**What to work on:**
The required output is the stretch from the line containing "Gangasagar Mela 2023: সাগরে" through the line containing "画像1: 8-9inch/SDGr メイ" in the records below, unaltered and with no pictures.

═════ Source records

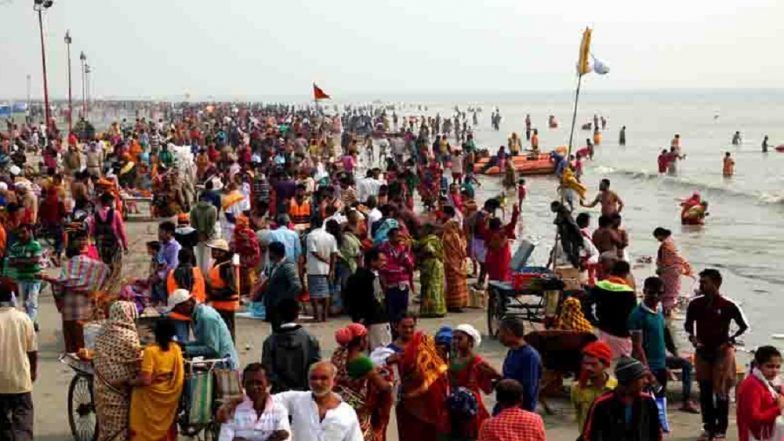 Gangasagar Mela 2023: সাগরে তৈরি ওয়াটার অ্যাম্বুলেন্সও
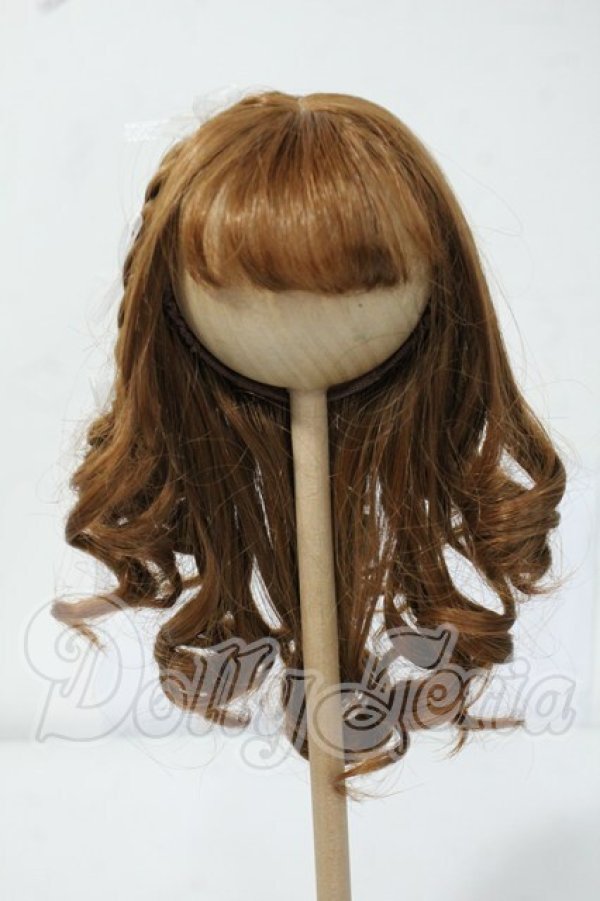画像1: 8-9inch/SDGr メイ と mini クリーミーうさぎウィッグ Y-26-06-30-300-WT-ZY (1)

══════════
═════ Source records

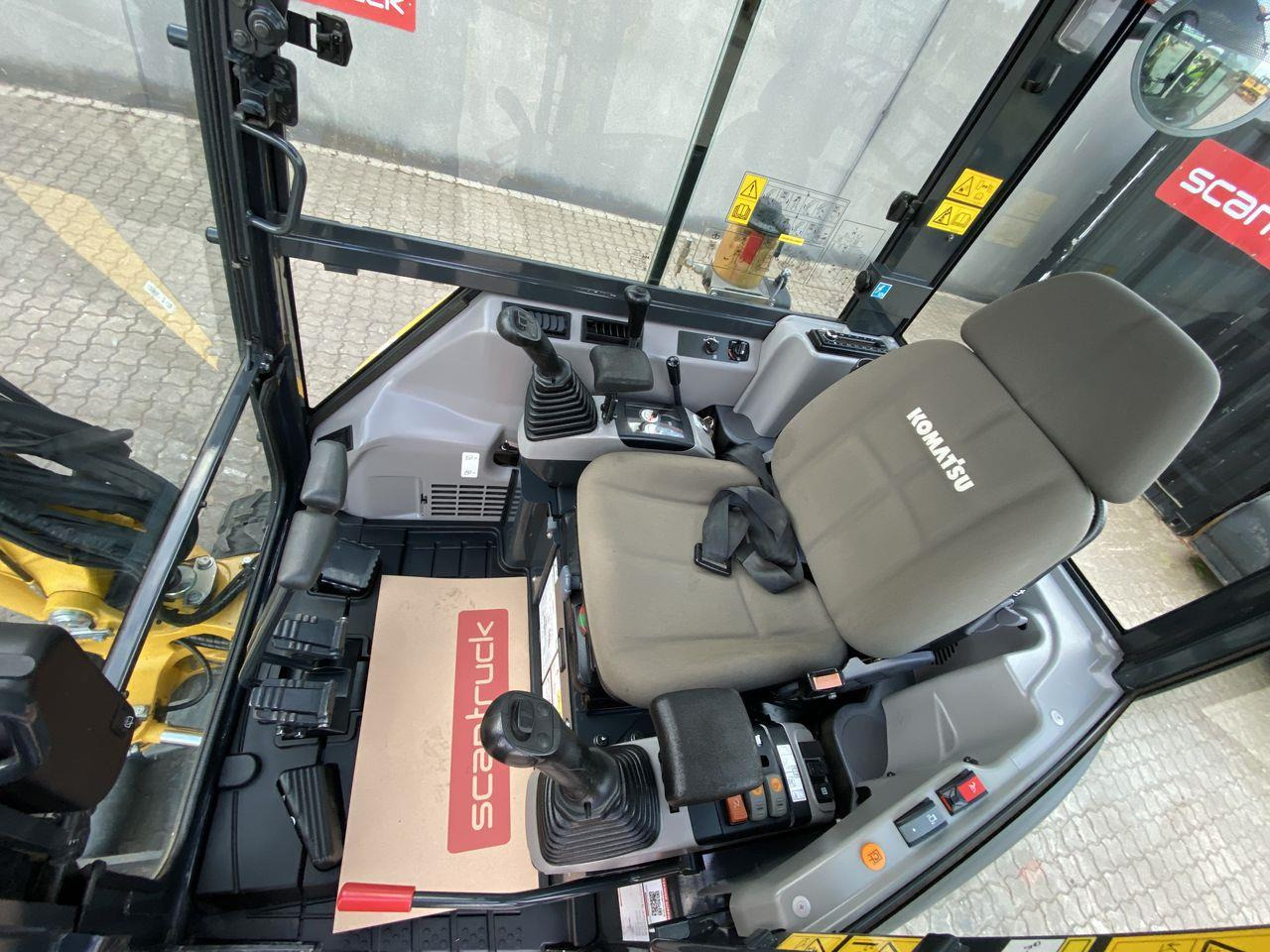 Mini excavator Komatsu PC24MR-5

══════════
═════ Source records

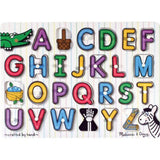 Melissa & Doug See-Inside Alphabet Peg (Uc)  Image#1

══════════

**Result for this task:**
 Gangasagar Mela 2023: সাগরে তৈরি ওয়াটার অ্যাম্বুলেন্সও
画像1: 8-9inch/SDGr メイ と mini クリーミーうさぎウィッグ Y-26-06-30-300-WT-ZY (1)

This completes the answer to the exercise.